[What to work on]
From the line containing "鬼滅の刃 立志編 場面写ブロマイド 竈門禰豆子 - メルカリ" through the last line, print the records exactly and nothing else.

[Task input]
++++++

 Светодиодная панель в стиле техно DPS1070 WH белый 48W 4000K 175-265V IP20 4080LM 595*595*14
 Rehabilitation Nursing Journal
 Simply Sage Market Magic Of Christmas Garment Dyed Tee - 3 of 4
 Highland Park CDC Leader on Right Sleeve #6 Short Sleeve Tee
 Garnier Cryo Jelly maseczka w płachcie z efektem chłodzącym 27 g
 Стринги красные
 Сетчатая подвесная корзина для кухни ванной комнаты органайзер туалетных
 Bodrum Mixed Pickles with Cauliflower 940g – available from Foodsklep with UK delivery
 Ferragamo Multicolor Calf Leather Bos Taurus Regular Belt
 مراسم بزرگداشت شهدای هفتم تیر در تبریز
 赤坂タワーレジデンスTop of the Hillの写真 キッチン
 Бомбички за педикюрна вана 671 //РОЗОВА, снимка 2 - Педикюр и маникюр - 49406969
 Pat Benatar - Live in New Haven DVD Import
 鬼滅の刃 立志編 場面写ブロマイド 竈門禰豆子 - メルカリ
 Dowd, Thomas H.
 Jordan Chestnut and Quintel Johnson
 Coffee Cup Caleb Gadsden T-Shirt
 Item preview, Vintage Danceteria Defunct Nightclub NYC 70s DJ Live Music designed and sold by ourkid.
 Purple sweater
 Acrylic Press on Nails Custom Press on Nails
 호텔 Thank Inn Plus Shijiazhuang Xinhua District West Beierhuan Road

++++++

[Response for this exercise]
 鬼滅の刃 立志編 場面写ブロマイド 竈門禰豆子 - メルカリ
 Dowd, Thomas H.
 Jordan Chestnut and Quintel Johnson
 Coffee Cup Caleb Gadsden T-Shirt
 Item preview, Vintage Danceteria Defunct Nightclub NYC 70s DJ Live Music designed and sold by ourkid.
 Purple sweater
 Acrylic Press on Nails Custom Press on Nails
 호텔 Thank Inn Plus Shijiazhuang Xinhua District West Beierhuan Road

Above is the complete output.